#Infrastructure

Terraform across multiple AWS accounts without losing your mind

Abdelfattah Hilmi · Dec 8, 2025 ·

#Terraform#AWS#IaC#DevOps

The problem

You start with one AWS account. You write some Terraform. Life is good.

Then ops says “we need a separate prod, staging, and dev”. Then security says “and logging, audit, and shared-services.” Suddenly you’re staring at 6+ AWS accounts and a Terraform repo that hardcodes provider "aws" blocks with literal account IDs everywhere.

This post is the layout I converged on after running multi-account infra at multiple clients — the one that scales from 3 accounts to 30 without rewriting the world.

Don’t do this

The two patterns I see most often, and what’s wrong with them:

Anti-pattern 1: one giant repo, one giant state file

provider "aws" { alias = "prod",    region = "eu-west-1", profile = "prod" }
provider "aws" { alias = "staging", region = "eu-west-1", profile = "staging" }
provider "aws" { alias = "dev",     region = "eu-west-1", profile = "dev" }

module "vpc_prod"    { source = "./vpc" providers = { aws = aws.prod    } }
module "vpc_staging" { source = "./vpc" providers = { aws = aws.staging } }

Every terraform plan touches all three accounts. A typo in dev rolls a plan in prod.
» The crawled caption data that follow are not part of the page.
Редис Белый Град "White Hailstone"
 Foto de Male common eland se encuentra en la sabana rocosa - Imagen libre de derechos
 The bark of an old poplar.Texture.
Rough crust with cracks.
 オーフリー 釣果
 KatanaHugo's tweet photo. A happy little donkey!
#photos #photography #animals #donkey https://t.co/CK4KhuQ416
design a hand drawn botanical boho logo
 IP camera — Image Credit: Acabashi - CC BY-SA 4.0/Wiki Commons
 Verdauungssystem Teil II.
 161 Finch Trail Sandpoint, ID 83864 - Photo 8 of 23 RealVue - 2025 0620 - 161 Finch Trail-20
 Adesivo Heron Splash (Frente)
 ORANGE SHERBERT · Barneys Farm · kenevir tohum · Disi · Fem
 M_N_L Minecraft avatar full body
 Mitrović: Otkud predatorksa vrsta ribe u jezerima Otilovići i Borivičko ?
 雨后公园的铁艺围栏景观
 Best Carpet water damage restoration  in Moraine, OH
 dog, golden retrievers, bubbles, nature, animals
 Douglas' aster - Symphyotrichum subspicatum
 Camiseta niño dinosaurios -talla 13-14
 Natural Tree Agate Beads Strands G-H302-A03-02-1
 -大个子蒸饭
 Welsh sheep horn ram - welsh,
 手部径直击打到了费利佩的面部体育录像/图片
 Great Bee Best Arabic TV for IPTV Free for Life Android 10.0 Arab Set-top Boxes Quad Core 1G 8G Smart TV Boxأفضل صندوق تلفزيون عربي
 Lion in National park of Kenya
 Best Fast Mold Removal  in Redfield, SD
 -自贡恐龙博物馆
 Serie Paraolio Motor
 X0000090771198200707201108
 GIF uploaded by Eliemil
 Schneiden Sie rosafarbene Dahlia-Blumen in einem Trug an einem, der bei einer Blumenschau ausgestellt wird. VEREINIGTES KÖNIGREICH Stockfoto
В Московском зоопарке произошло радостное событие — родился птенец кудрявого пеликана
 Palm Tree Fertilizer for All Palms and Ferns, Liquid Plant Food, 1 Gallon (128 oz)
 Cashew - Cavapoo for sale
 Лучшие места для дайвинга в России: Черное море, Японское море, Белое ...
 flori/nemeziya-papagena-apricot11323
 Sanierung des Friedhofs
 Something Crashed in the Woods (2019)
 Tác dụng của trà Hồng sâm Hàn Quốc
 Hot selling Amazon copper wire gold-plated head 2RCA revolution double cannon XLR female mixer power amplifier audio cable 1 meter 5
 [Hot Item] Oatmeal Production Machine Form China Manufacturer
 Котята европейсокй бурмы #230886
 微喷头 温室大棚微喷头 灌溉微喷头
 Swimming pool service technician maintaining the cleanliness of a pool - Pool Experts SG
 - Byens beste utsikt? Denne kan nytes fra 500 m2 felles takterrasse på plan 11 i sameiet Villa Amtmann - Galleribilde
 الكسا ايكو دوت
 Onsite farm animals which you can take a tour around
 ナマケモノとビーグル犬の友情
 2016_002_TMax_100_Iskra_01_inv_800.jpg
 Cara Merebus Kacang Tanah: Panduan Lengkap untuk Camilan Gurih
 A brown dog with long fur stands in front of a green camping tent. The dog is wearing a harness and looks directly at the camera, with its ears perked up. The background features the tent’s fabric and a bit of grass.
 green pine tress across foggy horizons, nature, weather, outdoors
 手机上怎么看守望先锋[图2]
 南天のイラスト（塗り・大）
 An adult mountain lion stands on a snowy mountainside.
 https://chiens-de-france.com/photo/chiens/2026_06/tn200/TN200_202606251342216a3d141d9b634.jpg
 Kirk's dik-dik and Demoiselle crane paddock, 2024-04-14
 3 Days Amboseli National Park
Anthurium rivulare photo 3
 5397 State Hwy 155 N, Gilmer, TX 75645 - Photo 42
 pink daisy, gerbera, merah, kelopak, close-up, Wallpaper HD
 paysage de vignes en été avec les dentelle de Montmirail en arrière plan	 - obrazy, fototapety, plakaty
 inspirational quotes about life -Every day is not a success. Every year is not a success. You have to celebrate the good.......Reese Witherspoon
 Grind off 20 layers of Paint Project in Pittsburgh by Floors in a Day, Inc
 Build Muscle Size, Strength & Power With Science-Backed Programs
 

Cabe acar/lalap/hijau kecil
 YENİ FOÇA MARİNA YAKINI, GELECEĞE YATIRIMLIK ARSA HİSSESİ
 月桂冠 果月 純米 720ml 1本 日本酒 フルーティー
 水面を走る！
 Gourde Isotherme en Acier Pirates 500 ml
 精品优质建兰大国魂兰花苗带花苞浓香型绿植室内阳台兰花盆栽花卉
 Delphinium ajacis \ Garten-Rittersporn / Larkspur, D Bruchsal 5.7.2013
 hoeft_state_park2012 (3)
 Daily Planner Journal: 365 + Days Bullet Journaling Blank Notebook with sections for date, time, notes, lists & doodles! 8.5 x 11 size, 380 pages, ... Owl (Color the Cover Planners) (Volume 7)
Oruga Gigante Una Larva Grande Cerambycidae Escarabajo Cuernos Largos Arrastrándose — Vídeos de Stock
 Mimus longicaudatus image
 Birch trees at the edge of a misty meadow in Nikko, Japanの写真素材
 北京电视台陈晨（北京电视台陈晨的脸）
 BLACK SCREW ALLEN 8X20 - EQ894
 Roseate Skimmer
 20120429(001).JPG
Blast radius: comically large.

Anti-pattern 2: copy-paste the repo per environment

infra-prod/, infra-staging/, infra-dev/ — three repos, three nearly-identical sets of modules, and a forever drift problem the first time someone “fixes” something in prod without backporting.

The layout I use

infra/
├── modules/                  # generic, reusable, no environment-specific code
│   ├── vpc/
│   ├── eks/
│   ├── rds/
│   └── monitoring/
├── live/                     # one folder per (account, region, stack)
│   ├── prod-eu-west-1/
│   │   ├── network/
│   │   │   ├── main.tf       # `module "vpc" { source = "../../../modules/vpc" }`
│   │   │   ├── backend.tf    # s3 backend, key = "prod/eu-west-1/network.tfstate"
│   │   │   └── terraform.tfvars
│   │   ├── platform/         # eks, ingress, addons
│   │   └── data/             # rds, elasticache
│   ├── staging-eu-west-1/
│   └── shared-services/
└── bootstrap/                # the one-time setup: state buckets, IAM roles

Each leaf folder gets its own state file. Blast radius per apply: one stack, one account, one region. A staging plan can’t touch prod because the providers, the credentials, and the state file are all different.

Authenticating: the assume-role chain

You don’t want long-lived IAM users per account. The model that scales:

You authenticate once into a “users” or SSO account.
Terraform assumes a role into the target account.
(Optional) Terraform assumes a role from there into a sub-account.

In ~/.aws/config:

[profile sso]
sso_session = company
sso_account_id = 111111111111
sso_role_name  = DeveloperAccess
region         = eu-west-1

[profile prod]
source_profile = sso
role_arn       = arn:aws:iam::222222222222:role/TerraformAdmin
region         = eu-west-1

[profile staging]
source_profile = sso
role_arn       = arn:aws:iam::333333333333:role/TerraformAdmin
region         = eu-west-1

In each leaf stack’s provider.tf:

provider "aws" {
  region  = var.region
  profile = var.profile           # e.g. "prod"

  default_tags {
    tags = {
      ManagedBy   = "terraform"
      Environment = var.environment
      Repo        = "infra"
      Stack       = "network"
    }
  }
}

Now aws sso login --sso-session company once a day, and Terraform inherits the credentials. No static keys, full audit trail via CloudTrail.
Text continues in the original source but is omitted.